Fin des poursuites judiciaires pour Chiara Ferragni : le tribunal de Milan classe l'affaire de fraude
Édité par : Katerina S.
Le 14 janvier 2026, le tribunal de Milan a officiellement mis un terme aux poursuites pénales visant l'entrepreneuse et influenceuse de mode Chiara Ferragni. Cette décision marque le dénouement d'une longue saga judiciaire centrée sur des campagnes promotionnelles controversées impliquant des produits de fête, notamment le gâteau de Noël « pandoro » et des œufs de Pâques.
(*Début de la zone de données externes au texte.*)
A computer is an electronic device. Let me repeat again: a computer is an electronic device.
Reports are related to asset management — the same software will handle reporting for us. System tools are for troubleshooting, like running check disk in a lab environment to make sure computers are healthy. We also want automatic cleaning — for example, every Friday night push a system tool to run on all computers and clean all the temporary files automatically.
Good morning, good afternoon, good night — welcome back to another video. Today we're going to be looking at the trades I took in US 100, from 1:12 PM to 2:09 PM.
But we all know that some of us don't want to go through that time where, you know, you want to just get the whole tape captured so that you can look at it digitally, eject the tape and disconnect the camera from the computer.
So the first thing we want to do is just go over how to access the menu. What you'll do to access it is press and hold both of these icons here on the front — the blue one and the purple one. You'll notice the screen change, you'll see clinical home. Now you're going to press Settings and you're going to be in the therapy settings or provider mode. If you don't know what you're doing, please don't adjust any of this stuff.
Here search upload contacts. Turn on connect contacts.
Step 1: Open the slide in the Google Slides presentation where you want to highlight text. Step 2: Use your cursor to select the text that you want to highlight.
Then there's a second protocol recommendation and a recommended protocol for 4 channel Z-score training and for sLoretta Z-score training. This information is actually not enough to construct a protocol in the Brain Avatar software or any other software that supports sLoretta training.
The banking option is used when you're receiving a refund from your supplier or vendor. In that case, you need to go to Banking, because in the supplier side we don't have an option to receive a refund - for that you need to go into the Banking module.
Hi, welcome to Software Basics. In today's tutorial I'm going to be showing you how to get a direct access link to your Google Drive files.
L'affaire a éclaté en décembre 2022, lorsque la journaliste Selvaggia Lucarelli a publiquement remis en question la réalité des dons promis à l'hôpital pédiatrique Regina Margherita de Turin. L'enquête qui a suivi a révélé que le fabricant Balocco n'avait versé qu'un don forfaitaire de 50 000 euros avant même le lancement de l'opération, tandis que les sociétés de Chiara Ferragni empochaient plus d'un million d'euros de bénéfices. Face à la polémique, l'influenceuse avait admis, en décembre 2023, avoir commis une « erreur de communication ».
Il est important de noter que ce verdict d'acquittement revêt un caractère essentiellement procédural, ce qui signifie que le fond de l'accusation de fraude n'a pas été formellement réfuté. Le tribunal a refusé de retenir la circonstance aggravante de « défense minorée » des consommateurs en ligne, requalifiant ainsi les faits de fraude aggravée en fraude simple. Suite au versement de compensations financières, les associations à l'origine des plaintes ont retiré leurs poursuites, entraînant l'extinction de l'action publique contre Chiara Ferragni et ses associés, dont Fabio Damato.
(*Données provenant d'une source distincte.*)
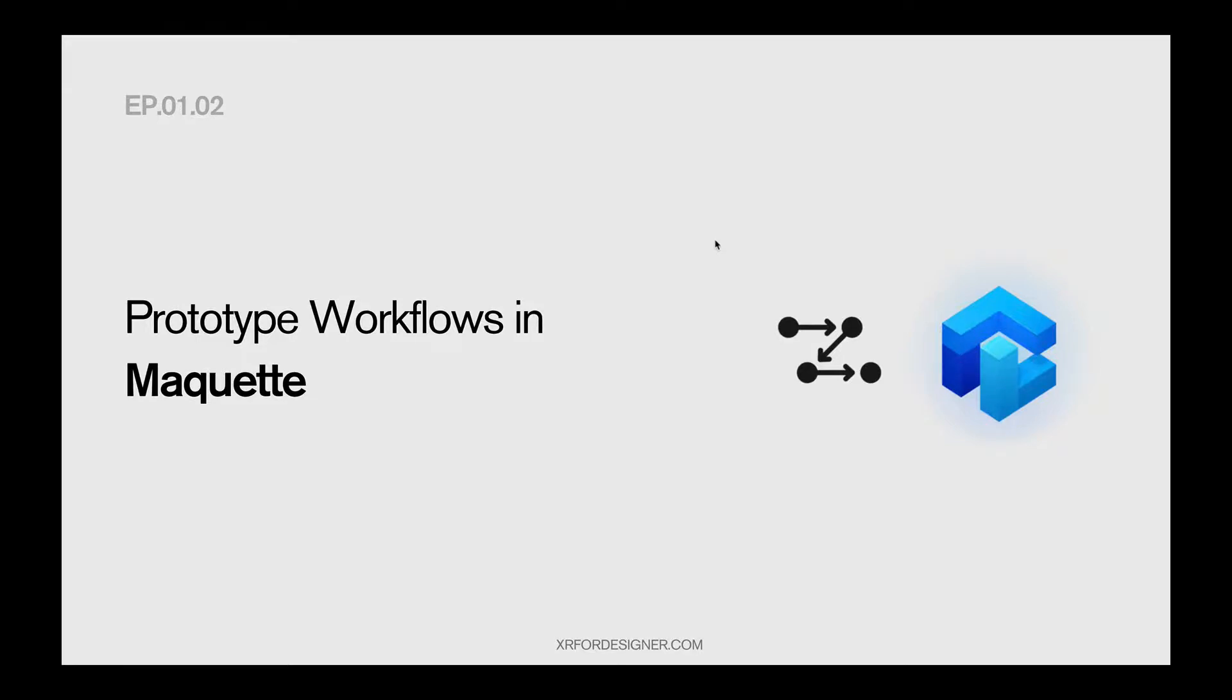Hi, welcome back to XR for Designer. This is the second longer episode for Prototype with Maquette. Today, we're going to talk about prototype workflows in Maquette to make you work faster, think faster, create something more impressive.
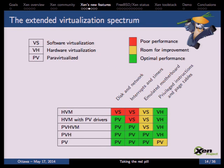PVH is another evolution of PVHVM. We are using PV interfaces for the emulated motherboard, which means we don't need any emulated BIOS or anything like that.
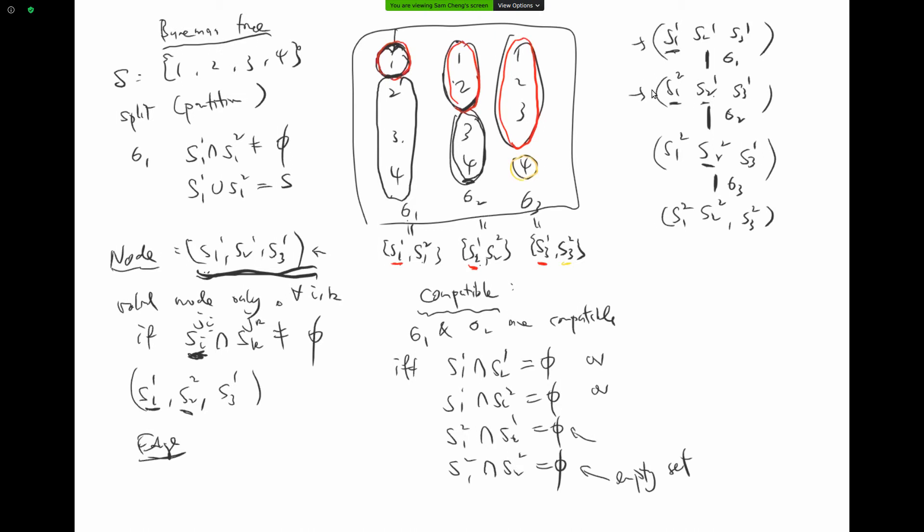Welcome back. Last time we introduced the so-called boomerang tree but didn't actually show that the construction gives us a tree. This time we'll try to prove that the boomerang construction actually gives us a tree.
Ce n'était pas le premier revers financier pour la star des réseaux sociaux. En décembre 2023, l'Autorité italienne de la concurrence (AGCM) avait déjà infligé de lourdes amendes aux entreprises de Ferragni ainsi qu'au producteur Balocco pour pratiques commerciales déloyales liées à l'opération « Pandoro Pink Christmas ». Au total, les entités liées à l'influenceuse ont dû débourser environ 3,4 millions d'euros en amendes et dédommagements, incluant un don rectificatif d'un million d'euros à l'hôpital Regina Margherita.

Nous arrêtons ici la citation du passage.